Por esse motivo, o projeto aprovado prevê que União complemente os recursos que os municípios e estados não puderem arcar. Mas alguns parlamentares acreditam que complementação da União prevista é insuficiente. “O governo federal tem capacidade fiscal e estrutura financeira para ampliar a complementação”, opina Paulo Rubem. “O governo federal está se ausentando do financiamento de educação. Ele entra muito pouco no Fundeb, pois 90% dos recursos vêm dos estados e municípios”, critica Gastão. “Acho que 25 % de todos os impostos deveriam ir para educação do país, O sistema de compensação pela União sustentaria um salário maior para categoria”, diz Alice Portugal.

Os parlamentares esperam, portanto, que o projeto seja melhorado ao longo de sua tramitação pelo Congresso. “O Senado sempre pressiona o governo e consegue”, declara Paulo Rubem, citando que os recursos do Fundeb foram aumentados a partir do trabalho feito pelos senadores. “Esse é o primeiro passo do piso. Ele ainda vai ser trabalhado em outras comissões e será aperfeiçoado”, avalia o presidente da Comissão de Educação.

Um dos pontos que a deputada Alice Portugal considerou negativo foi a incorporação de benefícios no valor do piso. “Os benefícios devem ser um bônus, gratificação além do piso”, ponderou. O relator explicou, entretanto, que as gratificações serão incorporadas ao piso apenas durante momento de transição. Severiano informou que nos dois primeiros anos (2008 e 2009) contarão para o cálculo todos os itens do contracheque, exceto as vantagens individuais. Mas a partir de janeiro de 2010, o piso corresponderá apenas ao vencimento mínimo inicial (sem nenhum dos demais itens do contracheque) das carreiras da educação básica, e contemplará jornada de 30 horas semanais. Essa medida tem como intuito ajudar os municípios e se organizarem para pagar o piso, com um ajuste gradual a nova regra.
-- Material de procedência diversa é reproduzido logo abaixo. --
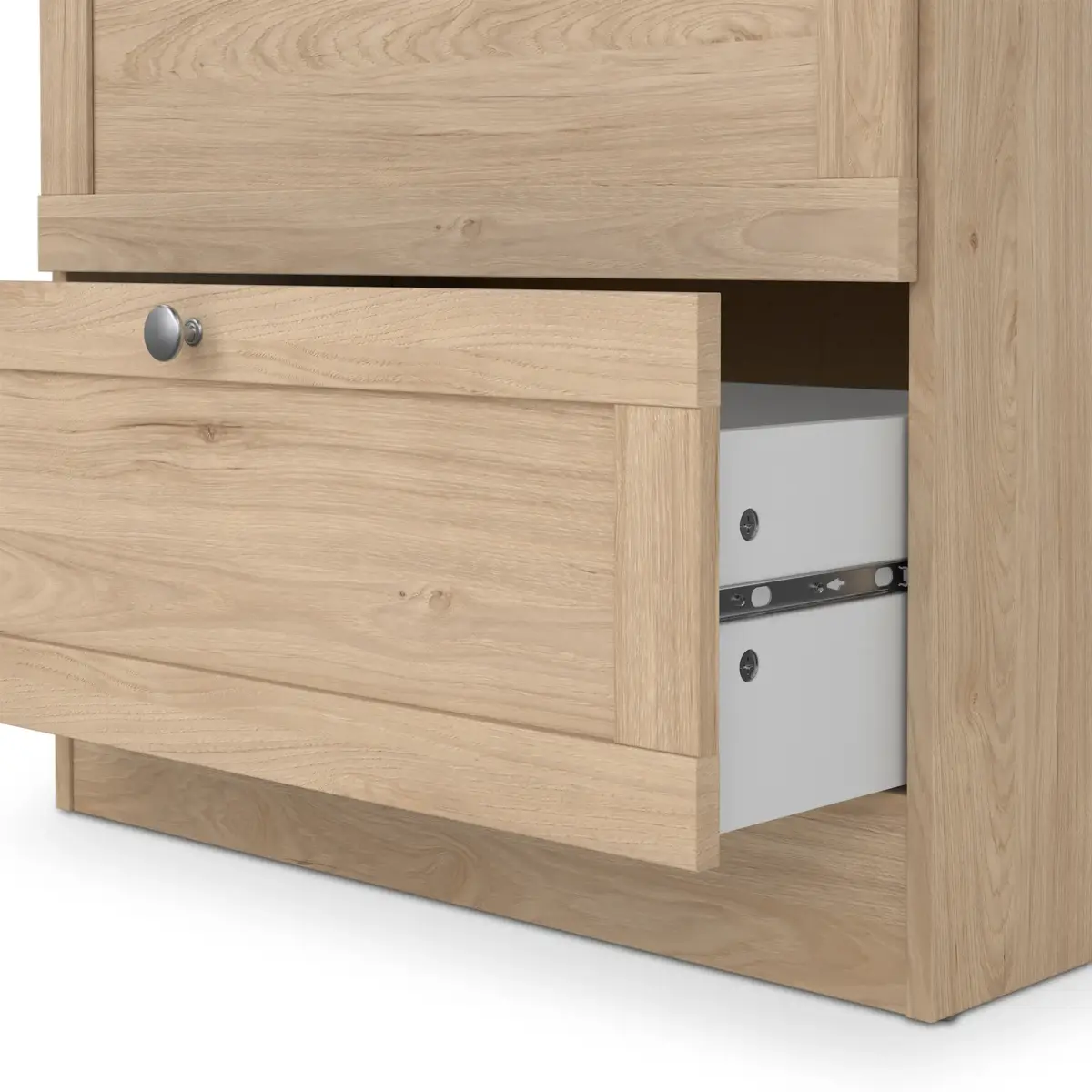 BILLUND Chest Of Drawer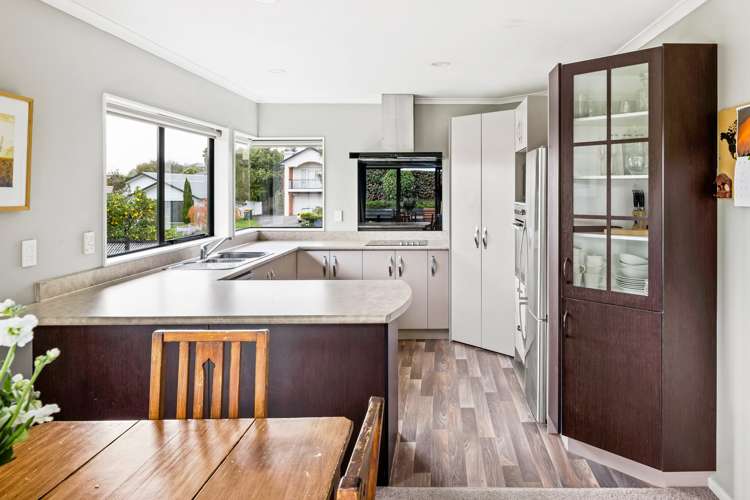 63 Discovery Drive Flagstaff_8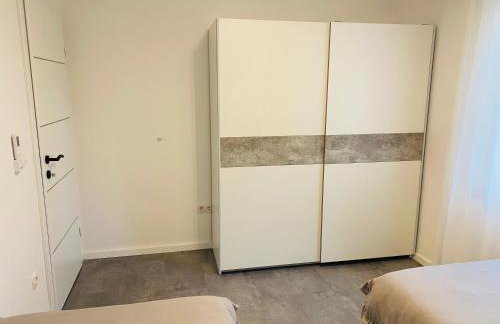 Apartmani Adriana - Photo 24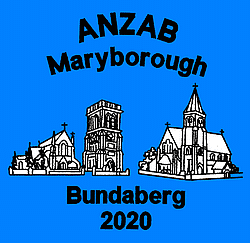 ANZAB 2020 logo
O projeto aprovado prevê ainda que o piso será pago a todos os profissionais da educação básica, incluindo os cargos de docente e de suporte pedagógico à docência (direção, administração, planejamento, inspeção, supervisão, orientação e coordenação educacionais). Para jornadas e níveis de escolaridade diferenciados, os sistemas de ensino deverão aplicar o princípio da proporcionalidade.
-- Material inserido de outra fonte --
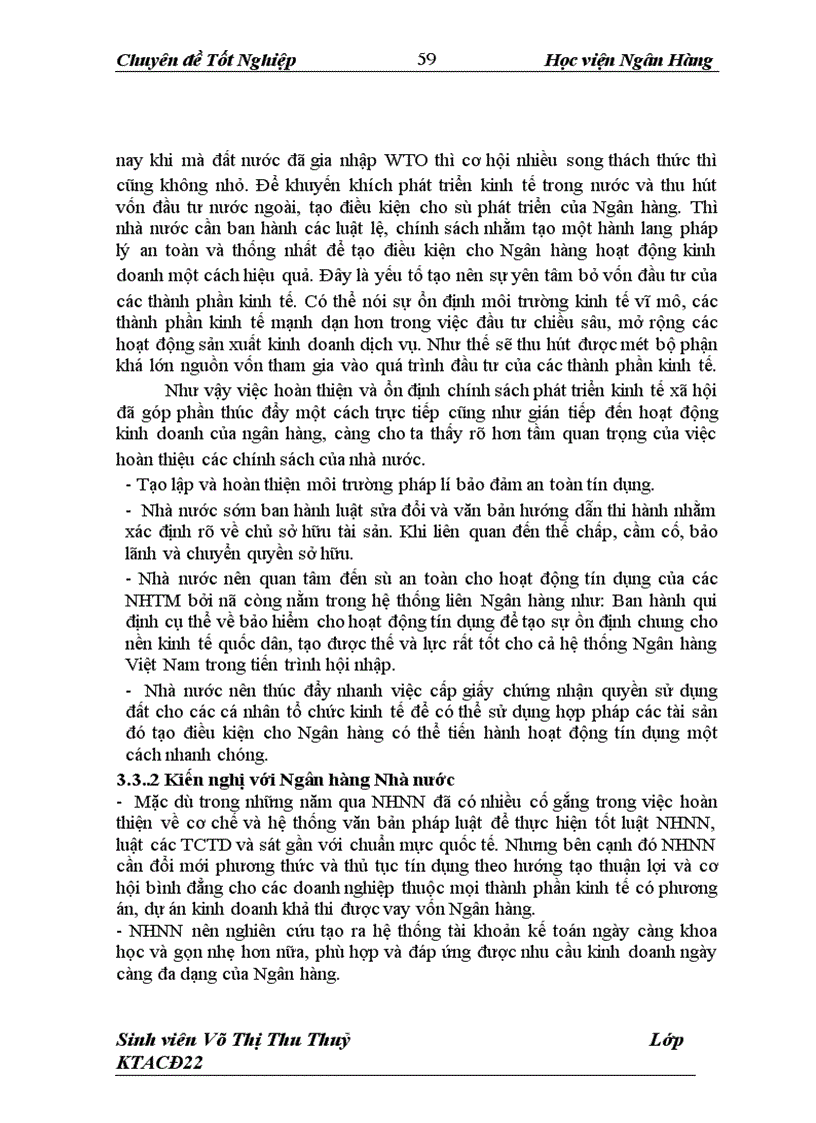 image for page Một số giải pháp nhằm hoàn thiện nghiệp vụ kế toán cho vay để tăng cường hiệu quả quản lý chất lượng tín dụng tại Ngân hàng TMCP Quân Đội chi nhánh Thanh Xuân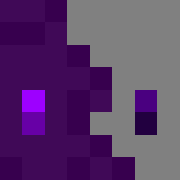 Minecraft profile picture for @Abnormally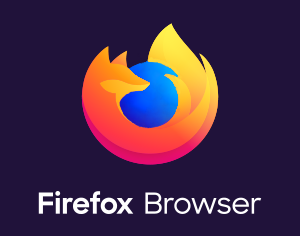 Detail Firefox Browser Logo Nomer 25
Alice Portugal conta que o debate na comissão não foi fácil. “As elites reagiram até o último momento”, disse, se referindo ao fato do ex-ministro Paulo Renato (PSDB-SP) querer exigir que o piso só fosse pago para quem passasse em um exame. Alice Portugal avalia que é preciso dar o mínimo de condições de trabalho antes de fiscalizar a qualidade. “Se fizéssemos esse exame agora estaríamos prejudicando vítimas. Mas no futuro teremos que implantar um sistema de avaliação da qualidade do ensino”, pontuou Gastão Vieira.
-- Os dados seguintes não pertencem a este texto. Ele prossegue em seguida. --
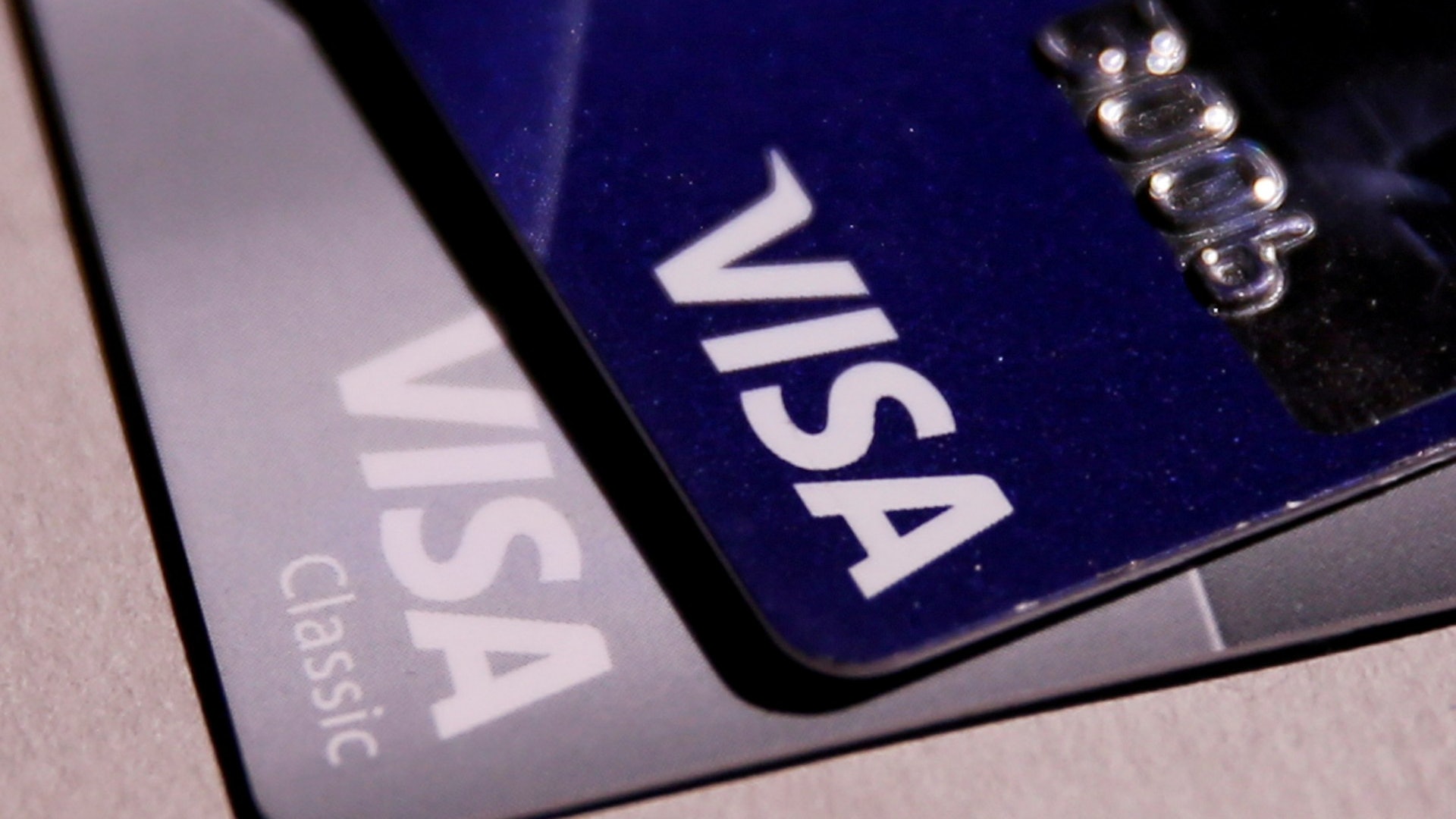 visa hong kong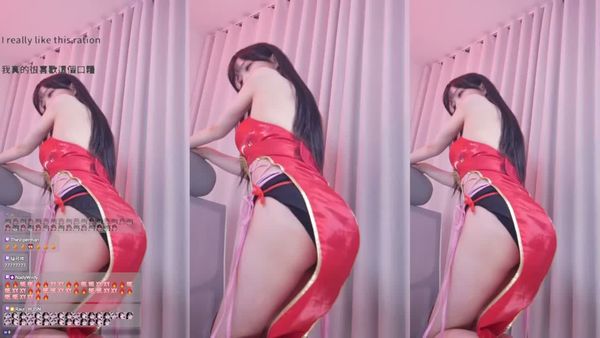260607韩晶 (6)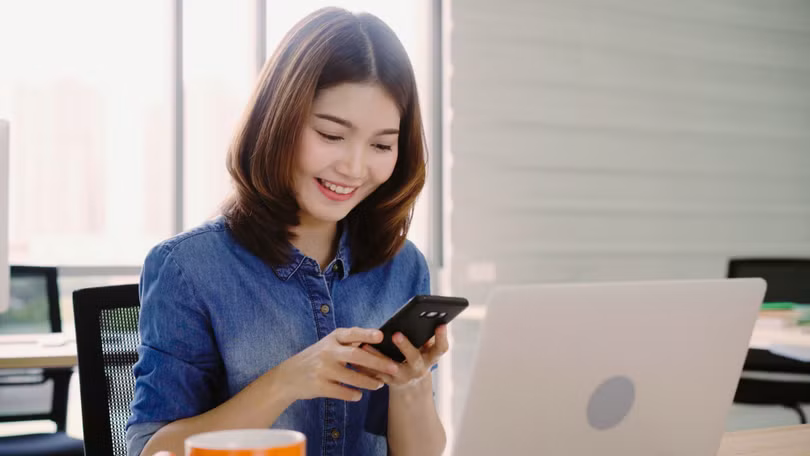 bidv free tk số đẹp.jpg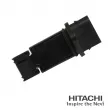 Débitmètre de masse d'air HITACHI 2508936 - Visuel 2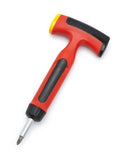 Crescent CMT1000 Odd Job Multi-Tool, Red/Black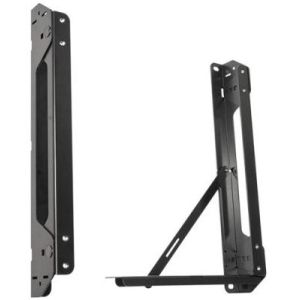 Chief FCA113 Accessoire de montage moniteur (Extendeur CPU FUSION)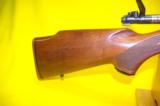 Winchester Model 70 XTR Sporter magnum - 12 of 18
Apesar das divergências todos os parlamentares garantem que proposta representa uma grande conquista para os professores, que lutam por isso desde 1988. “Esse é um marco histórico. Pela primeira vez temos um piso nacional na historia da República”, disse Alice Portugal. “Ficamos felizes porque o projeto representa um avanço, e é um resgate de uma luta histórica do país. Estou tranqüilo porque conseguimos criar um piso nacional e ainda vincular a um plano de carreira”, declarou Severiano Alves. Ele explica que a proposta exige que os municípios elaborem um plano de carreira para o professor a ser implantado até 2010.

Alice Portugal alega que mesmo sendo um valor abaixo das suas expectativas será um ganho para os educadores principalmente do Nordeste, e cita o caso do município de Cícero Dantas (BA) onde alguns professores ganham R$ 50,00. “Há muitos municípios no Brasil com um salário abaixo do mínimo”, revela.